6. Post-Effectiveness Covenant. With respect to each Mortgaged Property, and not later than 60 days after the Increased Amount Date (or such later date as to which the Administrative Agent may agree), the Loan Parties shall use commercially reasonable efforts to: (i) enter into amendments with respect to the existing Mortgages encumbering the Mortgaged Properties, (ii) obtain title datedown endorsements to the existing title policies for the Mortgaged Properties, as customary in the applicable jurisdiction, (iii) deliver customary opinions of counsel with respect to the amendments to the existing Mortgages, in each case in form and substance reasonably acceptable to the Administrative Agent and (iv) provide such other documentation with respect to the Mortgaged Property as Administrative Agent shall reasonably request, as required in connection with the foregoing obligations in this Section III.6.

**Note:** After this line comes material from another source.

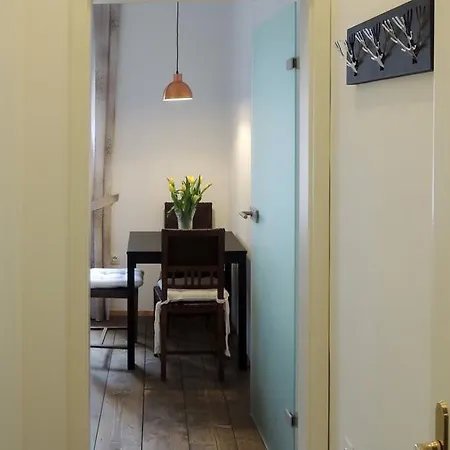 Alte Zinshaus Apartament *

7. Affirmation of Subsidiary Guarantors. Each Subsidiary Guarantor hereby consents to the amendments to the Credit Agreement effected hereby, and hereby confirms and agrees that, notwithstanding the effectiveness of this Agreement, the obligations of such Subsidiary Guarantor contained in the Guarantee and Collateral Agreement or in any other Loan Documents to which it is a party are, and shall remain, in full force and effect and are hereby ratified and confirmed in all respects, except that, on and after the effectiveness of this Agreement, each reference in the Guarantee and Collateral Agreement and in each of the other Loan Documents to “the Credit Agreement”, “thereunder”, “thereof” or words of like import shall mean and be a reference to the Credit Agreement, as amended by this Agreement. Without limiting the generality of the foregoing, the Security Documents to which such Subsidiary Guarantor is a party and all of the Collateral described therein do, and shall continue to secure, payment of all of the Obligations (in each case, as defined therein).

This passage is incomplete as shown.